Reading House of Johann got me thinking about my own German roots on my mom’s side. My mom’s father, Levi Ruffing, was born in 1896, married late, and passed away when I was 9 or 10 (and my mom was 32-ish) so I didn’t know him well. I had certainly never had an opportunity to meet his parents, though I’d been told their names–Joseph Ruffing and Theresa (Tessie) O’Donnell (daughter of Hugh and Mary O’Donnell). I do recall asking my grandmother what nationality “Ruffing” was (at my brother’s wedding reception) and she’d said it was Prussian. Armed with that data, I internet searched for relatives of Joseph Ruffing and immediately brought up the following picture:
Since the search brought up a number of other Joseph Ruffings, my initial instinct was to start checking through them to make sure this was the right one – until I took a closer look at the image (and perhaps my relatives will back me up here) and realized the resemblance to my grandfather is uncanny, right down to the uneven widow’s peak, which I alone of my siblings also inherited, as seen below. (That photo was probably the last time my hair was short enough for it to be obvious–Stylist Credit–Ev Bornemann).

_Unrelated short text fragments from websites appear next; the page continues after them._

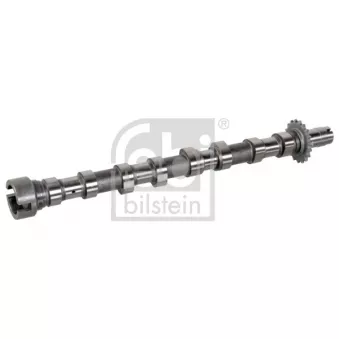 Arbre à came FEBI BILSTEIN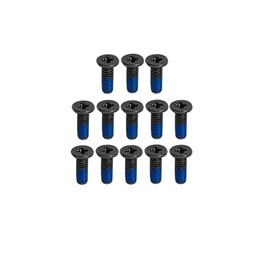 ZAHARA Complete set of screws for laptop repair for Lenovo ideapad 320-14IKB 80XK 80YD 320-14IAP 80XQ 320-14AST 80XU 330-14IGM 81D0 330-14AST 330-14IKB 81DA 81G2 81D5 320-15IKB 80
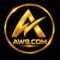 AW9 Game Download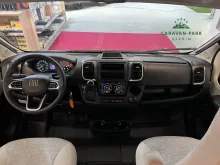 Fahrzeugbild Carado pro CV 600 #17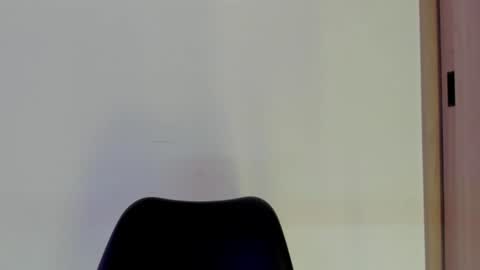 valezny69 online show from July 28, 4:46 pm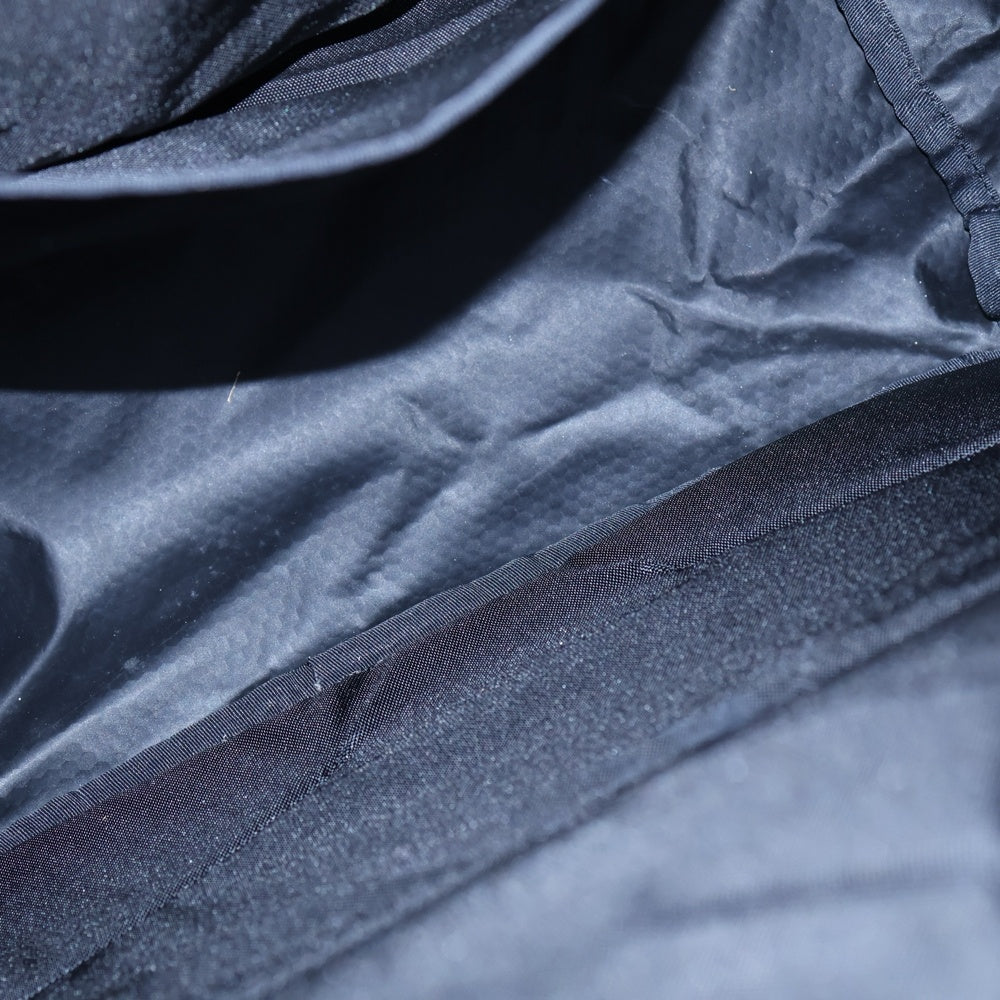 WTAPS(ダブルタップス) ×PORTER 2000 READY PACK ALICE 2nd GEN ×ポーター レディーパック アリス セカンドゲン バックパック リュック オリーブ Y-335413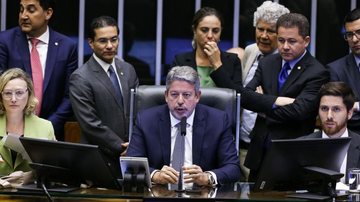 © Lula Marques/ Agência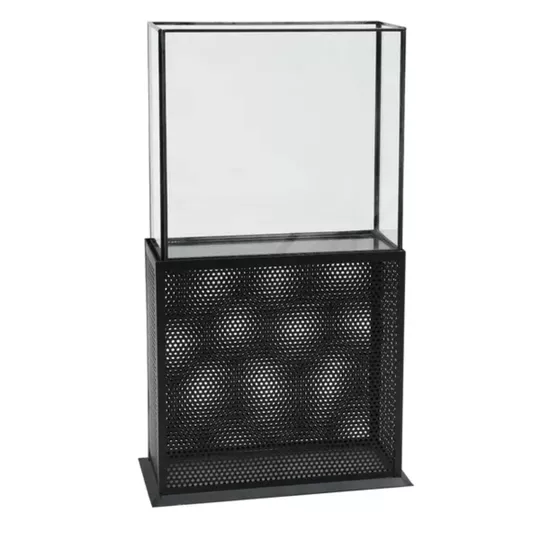 Product csk Ldi ZX afbeelding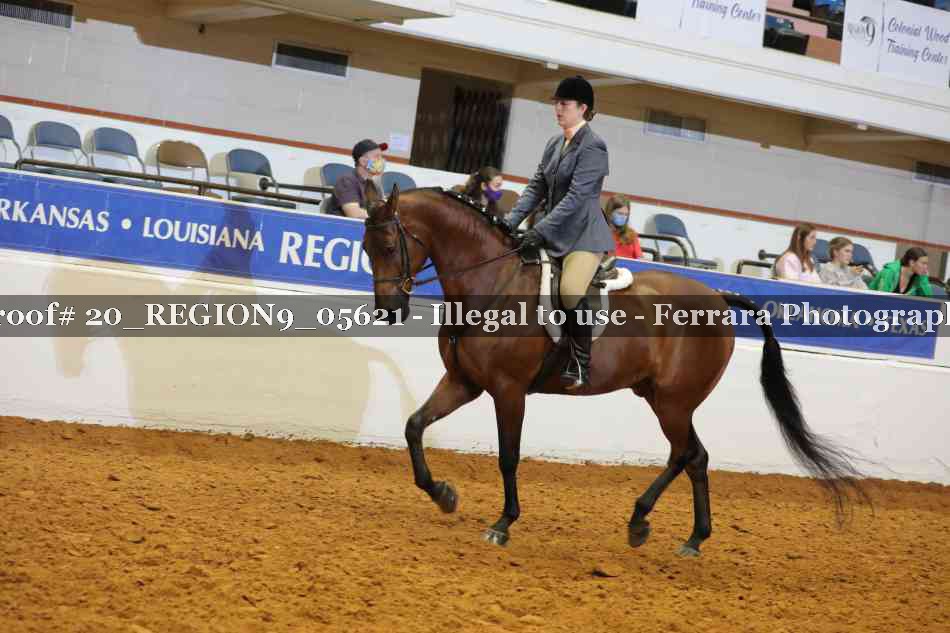 Proof 20_REGION9_05621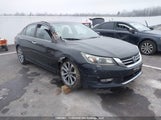 Honda Accord 1HGCR2F52EA801081 снимка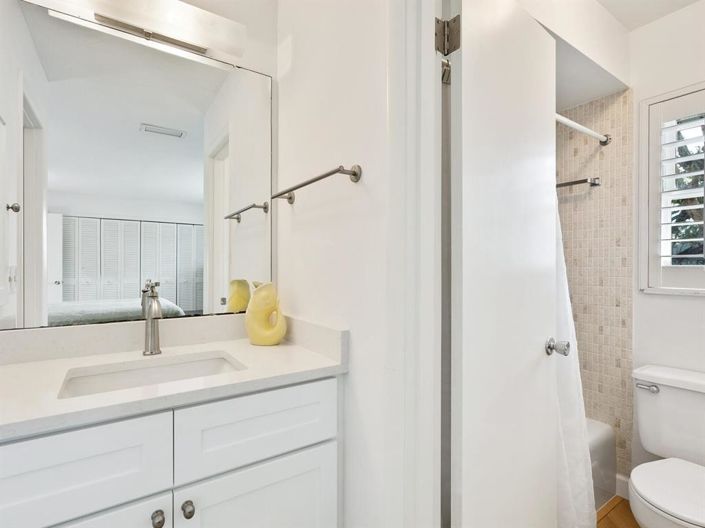 Image No.22-Propriété de 4 chambres à vendre à Sarasota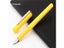 Fountain Pen Carousel 6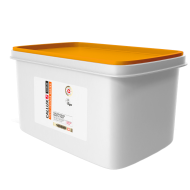 Callux Sare Portocala 5 kg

A closer look at the site (which also has an image of Peter’s grave marker) confirmed his image is indeed a photo of my grandfather’s grandfather. Further searching revealed he was born in Schwabisch Hall, a fascinating town about 180 miles southeast across the Rhine from House of Johann’s Oberzerf. Ancestry.com, by the way, has the family line hopelessly confused, which would have made a search directly back from my grandfather difficult (they have Joseph’s son, born the year of my grandfather Levi, named Franz (his middle name was Francis), and great-aunt Irene isn’t listed). They also have Joseph married to Theresia O’Donell instead of Theresa O’Donnell – but at least they got great-uncle Ray correct.
I haven’t found any more information directly back through Peter’s line, but there were apparently a large number of Ruffings in Oberbexbach in Saarland in the early 1800s, which is a mere 45 miles from Oberzerf. That line also contains a number of Peters and Josephs and traces eventually back to French ancestry. Would probably take some digging to firm up that connection, though. May be time to consult with Kathi Gosz for her sources.